Claim Rejections - 35 USC § 103
	In the event the determination of the status of the application as subject to AIA  35 U.S.C. §§ 102 and 103 (or as subject to pre-AIA  35 U.S.C. §§ 102 and 103) is incorrect, any correction of the statutory basis for the rejection will not be considered a new ground of rejection if the prior art relied upon, and the rationale supporting the rejection, would be the same under either status.

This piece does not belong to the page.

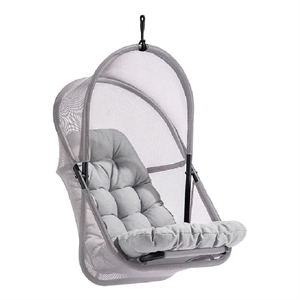 Bery Patio Hanging Swing Chair-Cushioned Light Gray Mesh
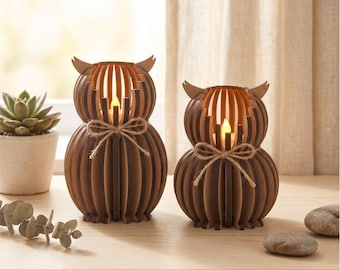 Owl SVG file for laser cut, LED holder files, Tea light candle lantern set, Glowforge 3D puzzle, Animal lasercut designs, Woodworking plans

	The following is a quotation of 35 U.S.C. § 103 which forms the basis for all obviousness rejections set forth in this Office action:
A patent for a claimed invention may not be obtained, notwithstanding that the claimed invention is not identically disclosed as set forth in section 102, if the differences between the claimed invention and the prior art are such that the claimed invention as a whole would have been obvious before the effective filing date of the claimed invention to a person having ordinary skill in the art to which the claimed invention pertains. Patentability shall not be negated by the manner in which the invention was made.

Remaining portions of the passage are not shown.